» **What the task asks**
The response must hold only the lines from the line containing "Jaguar Xj8 1998 photo 2" through the end of the listing, exactly as written.

» **Source data**
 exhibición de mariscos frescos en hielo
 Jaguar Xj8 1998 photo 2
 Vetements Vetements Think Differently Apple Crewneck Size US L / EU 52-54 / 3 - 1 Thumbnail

» **Answer to the exercise**
 Jaguar Xj8 1998 photo 2
 Vetements Vetements Think Differently Apple Crewneck Size US L / EU 52-54 / 3 - 1 Thumbnail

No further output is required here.